Yet Another Malaysian Teen Married Off to Man Nearly Three Times Her Age
Her father said he was driven by poverty to marry the 15-year-old off.
A 15-year-old girl from the city of Kota Bharu in Kelantan, Malaysia, was married off as a second wife to a 44-year-old man, prompting outrage and condemnation.
The girl’s father, Che Rahim Che Deraman, said he consented to the marriage in the hopes that his daughter would escape poverty and live a better life with the man.
“Life had been tough for us. I raised my 13 children with a measly income from my small sundry shop. I could barely make RM300 (S$99) a month,” he local media outlet the Star. "But, I have managed to raise my children and they are all now married. My youngest daughter is also happily married although she is still a minor," he said.
The marriage has been met with public outrage — but it’s not illegal.
Take Action: Tell world leaders to stop child marriage for good
Malaysia has dual legal system, which accommodates the religious practices of its diverse population. Under civil, secular law, the minimum age of marriage in the country 18, but girls can be married before they turn 16 under civil law with the permission of the chief minister of their state. However, with the approval of a Sharia court, Muslim girls can be married in Malaysia at any age. A married man seeking to enter into a polygamous marriage must also obtain the permission of the Sharia court and his current wife or wives in Malaysia.
The girl’s father said that the marriage was approved and formalized in the Tumpat district of Kelantan in July, the Star Online reported.
The union, and Che Rahim’s justification for it, have both been heavily criticized.
“It now appears that poverty can also be a reason accepted by the Sharia court to approve an application for marriage of an underage child, which in turn seems to treat children as mere commodities,” Razali Ismail, chairman of Malaysia’s Human Rights Commission, said.
UNICEF also weighed in on the case and called on the Malaysian government to ban child marriage.
The teen told the Star Online that she is not worried by others’ criticism of her marriage.
“People can say what they like … I am happy and I will try to keep my husband happy.
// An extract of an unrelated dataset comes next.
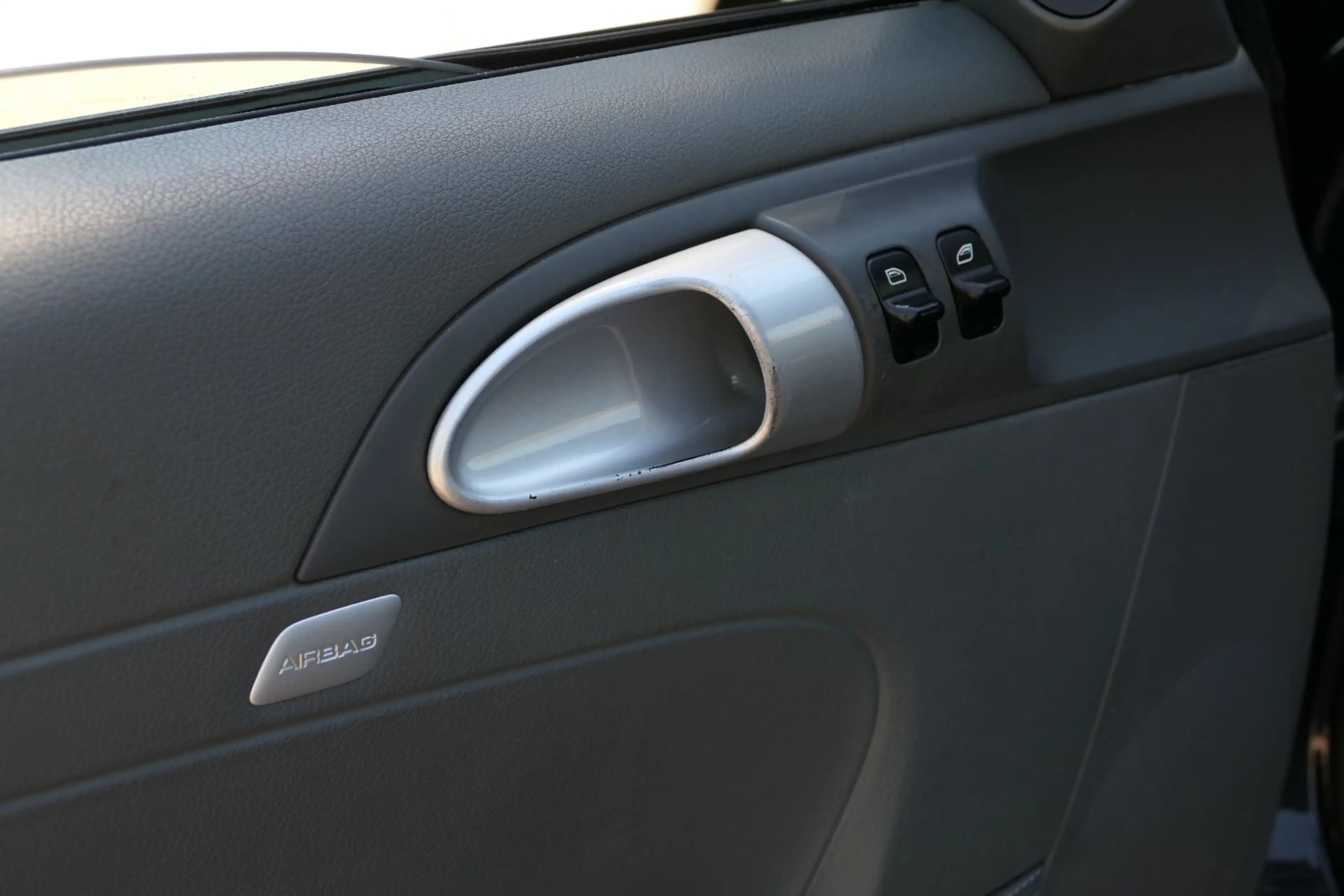 Porsche Cayman S — photo 13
That is all that matters to me,” she said.
Malaysia also made international headlines in July over the marriage of an 11-year-old Thai girl to a 41-year-old Malaysian man, which took place in the same state. However, the marriage was deemed illegal as the man did not get court permission to marry the child.
Despite the public outcry and violation, he was fined just 1,800 Malaysian Ringgit (about $450) — a slap on the wrist.
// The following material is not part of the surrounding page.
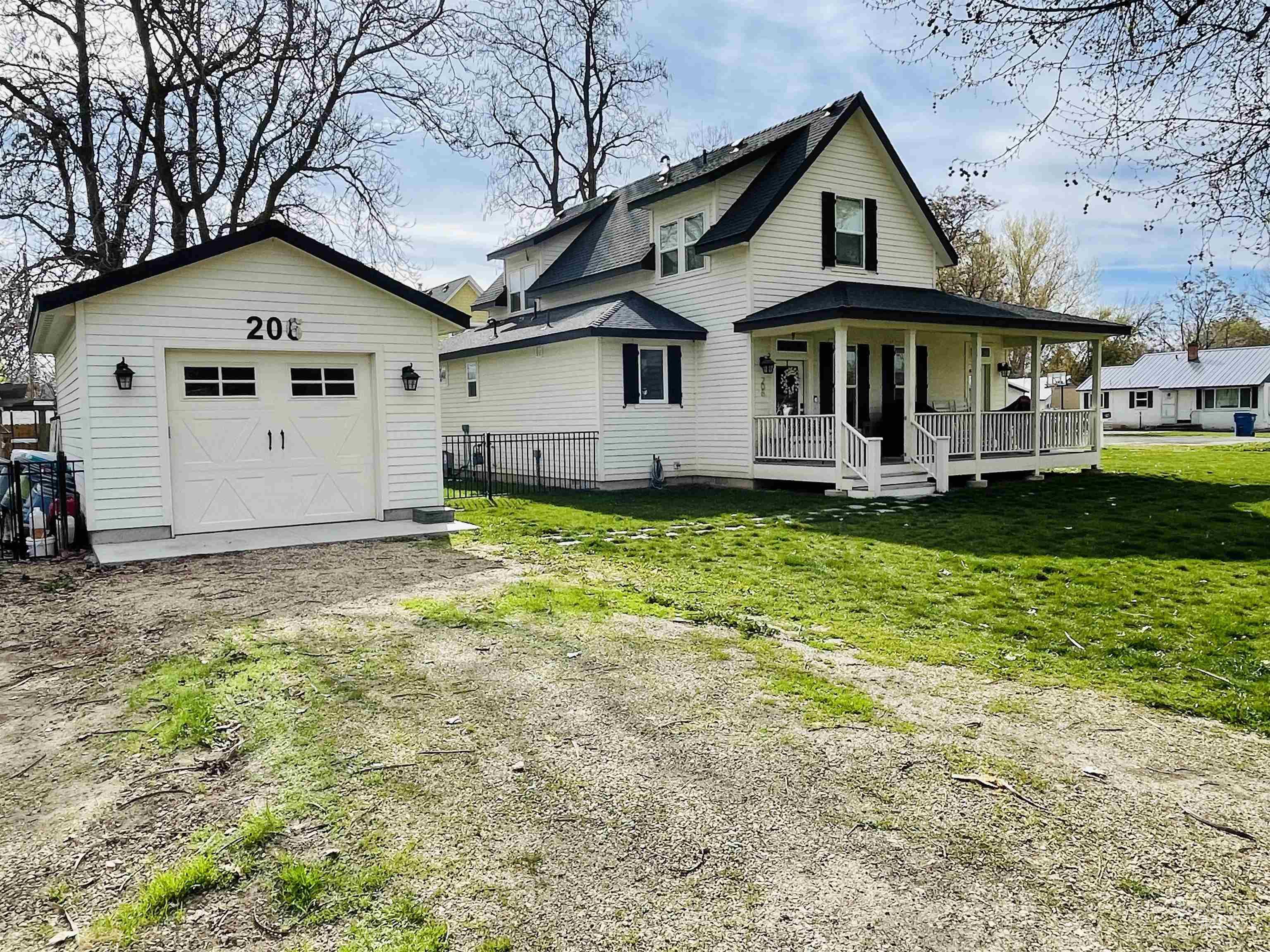 206 W BLVD, New Plymouth, Idaho 83655, 3 Bedrooms, 2.5 Bathrooms, Residential For Sale, Price $420,000,MLS 98907856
These recent high profile cases have renewed calls for stronger child protection laws and for child marriage to be banned in Malaysia and the government has said it is working with Malaysia's top Islamic body, the National Fatwa Council, to raise the minimum marriage age to 18.
But doing so means navigating the country’s complex dual justice system, which could slow efforts to reform the law.
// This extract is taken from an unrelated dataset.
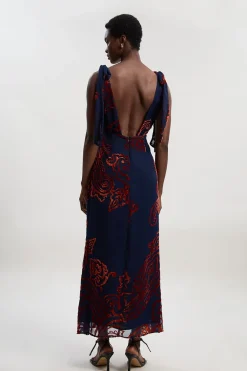 Robe Mi-Longue Tissée à Décolleté Plongeant Motif Paisley Dévoré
“We want to raise the age of marriage to 18 years and above,” Wan Azizah Wan Ismail — Malaysia’s deputy prime minister and minister of women, family and community development — told the New York Times in August. “We have the political will to do that, but I have to engage all the stakeholders. That takes some time.”
Approximately 16,000 girls below the age of 15 were married in Malaysia in 2010, according to the country’s family and community development deputy minister. But globally more than 650 million girls and women alive today were married as children.
Poverty and lack of education are major drivers of child marriage worldwide. And though both boys and girls around the world may be victims of child marriage, young girls are disproportionately forced to marry before they are ready.